И далее митрополит Макарий победоносно вопрошает: «Когда по возвращении Кирилла от хазар, царь начал посылать его к моравам, одному из племен славянских, Кирилл отвечал: «Рад иду тамо, аще имут буквы в язык свой». Мог ли так говорить святой муж, если бы признавал известные ему русские буквы за славянские? Когда царь вслед за тем сказал, что ни дед его, ни отец, ни многие другие не нашли славянских букв, сколько ни искали, и советовал Кириллу просить помощи от Бога, то «Философ, по пръвому обычаю, на молитву ся наложи и с инеми съпоспешникы; въскореже я ему Бог яви, и тогда сложи письмена, и нача беседу писати евангельскую: искони бе слово… и прочая». Если бы Кирилл признавал известные ему русские письмена и русское Евангелие за славянские, то зачем он изобрел новые славянские письмена и вновь начал переводить на славянский язык Евангелие, а не воспользовался прежними, готовыми?»[70]

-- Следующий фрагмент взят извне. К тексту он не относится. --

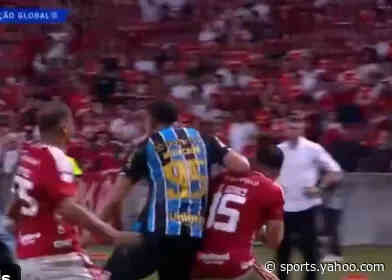 Was it a second yellow? Watch Gre-Nal 453's flashpoint and judge 📹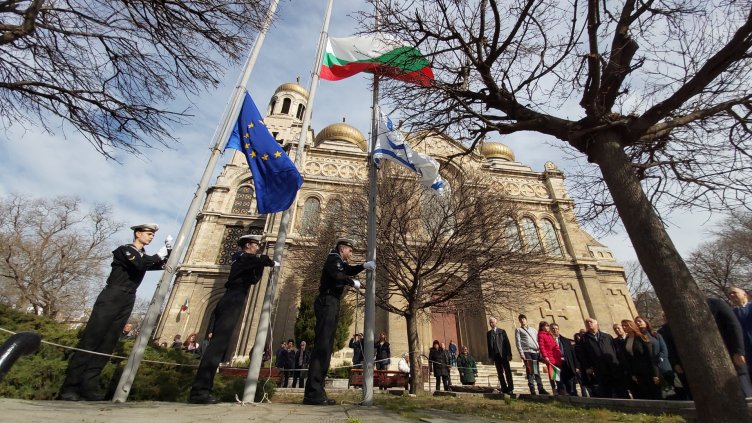 Варна започна честванията за Националния празник с вдигане на флага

И заканчивает митрополит Макарий свои размышления весьма тонкой подменой вопроса о существовании докириллической русской письменности вопросом о первенстве перевода Священного Писания на славянский язык: «После этого не благоразумнее ли отказаться однажды навсегда от обольстительной мысли, будто был у славян еще с первых веков какой-либо перевод хотя некоторых книг священных? Все, что можно придумать в пользу ее, очевидно, ведет только к предположениям и притом очень шатким, не представляя ни одного прямого доказательства. Между тем как, с другой стороны, есть решительные доказательства, которые говорят, что перевод Священного Писания и богослужебных книг на славянский язык в первый раз совершен именно во второй половине девятого века Константином, в монашестве Кириллом, и Мефодием»[71].
Быть может, для священнослужителя вопрос о том, кто был первым переводчиком Библии на славянский язык и является приоритетным, но для русского человека гораздо важнее другой вопрос: когда появилась наша письменность?
Попробуем с этим вопросом разобраться.
Глава 2
Следствие о русских письменах
Прежде всего надо отметить, что (как это ни странно), митрополита Макария опровергает папа Римский Иоанн VIII, тот самый, что добился освобождения из немецкой темницы и восстановил в правах архиепископа одного из Солунских братьев, святого Мефодия. Папа Иоанн VIII направил специальные послания королю Карломану, сыну Людовика Немецкого, а так же архиепископу зальцбургскому и баварским епископам, в которых объявил все решения по делу Мефодия незаконными. Но важным для нас является то, что, как свидетельствует Н.И. Барсов, «в дошедшем до нас послании Иоанна VIII о славянских письменах говорится, что они только вновь найдены, вновь открыты неким философом Константином»[72]. Николай Иванович Барсов (1839–1903), профессор Петербургской духовной академии, особое внимание уделял именно обнаруженным в то время письмам Иоанна VIII к своим германским и моравским адресатам, и потому к выводам знаменитого профессора стоит прислушаться.
Да и папа Римский знал, что писал. Уроженец Вечного города, он лучше многих других европейцев знал древнюю историю Апеннинского полуострова и населявших его народов.